本来であれば、顧客の購入までの一般的なニーズを理解し、関心のあるカテゴリーやターゲットに応じて、独自のトピックやキーワードを割り当てる必要があります。

上記のような考え方は、アカウントの優先順位付けだけにとどまらず、ターゲットアカウントの購買経路や、購入者が課題に感じている部分、購入者を惹きつけるために使用すべきメッセージとコンテンツ、そして潜在顧客からのリードをどのように獲得し、ルーティーン化すべきかを明らかにすることができるようになるのです。

4. 迅速な対応ができていない

インテントデータの主要な利点の1つは、マーケティング担当者がターゲットとなるアカウントにいつアプローチすべきかを知ることができる点です。

インテント・シグナルは、その洞察が “陳腐化 “するまで約1週間しか価値がないと考えているため、時間が非常に重要になります。そのため、トップクラスのインテントデータプロバイダーは、毎週データを更新し、ターゲットアカウントの現在のニーズとウォンツを明らかにします。

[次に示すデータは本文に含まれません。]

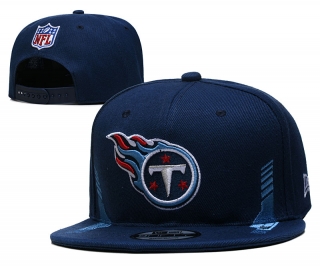 Tennessee Titans NFL Snapback Hats 116818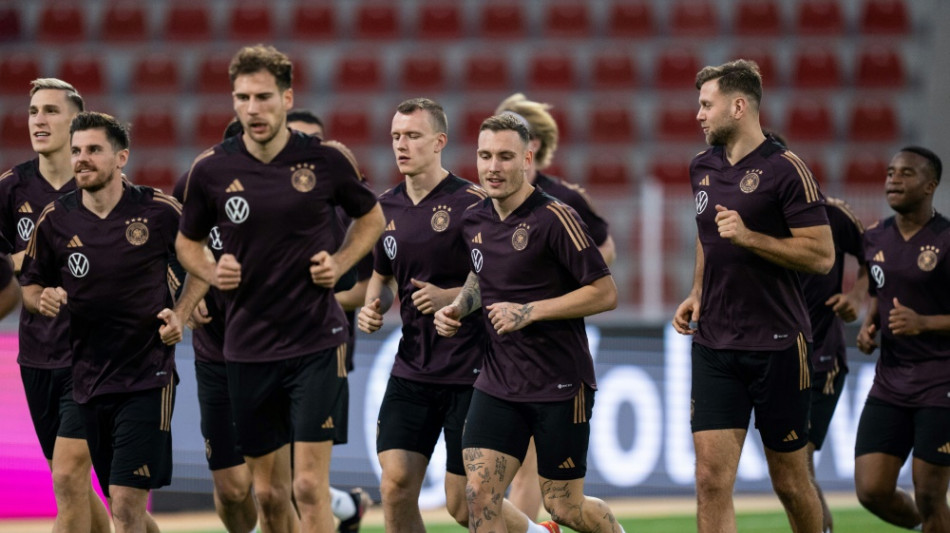 "Mut aufbringen": Menschenrechtler bef&uuml;rworten Spieler-Statements in Katar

例えば、Intentsify の以下のダッシュボードでは、指定したアカウントの基準値に対するその週の「急上昇」トピックが表示されます。前週に「トレンド」だったトピックが、今週のトピックにはないことがわかります。

Intentsify  データ

出典:https://www.intentsify.io/blog/how-teams-underutilize-intent-data

例えば、賃貸物件を探している人が、自分の条件に合う物件が出たときに、即座に通知してくれるアラートを設定した優良賃貸サイトに登録しているとします。

しかし、不動産業者に連絡するのに時間がかかりすぎると、ほかの人に先約を入れられてしまいチャンスを逃してしまうかもしれません。同様に、マーケティング担当者がインテント・インサイトに基づいて迅速に行動しなければ、競合他社に負けてしまう可能性があります。そのため、迅速にインテントデータを更新して、アプローチしていくことが重要になってきます。

課題解決をしてインテントデータを有効活用しよう

インテントデータをただ使用しているだけでは、最大限の効果を発揮できません。チーム内で上手く共有したり、迅速な対応をしたりすることで、より効果的なインテントデータの使い方ができるようになります。

インテントデータが上手く使えるようになれば、アポイント率が9倍になり、成約率が30%も上がるとSales Markerからデータが出ています。インテントデータを上手く活用して潜在顧客を捕まえて、売上に繋げていきましょう。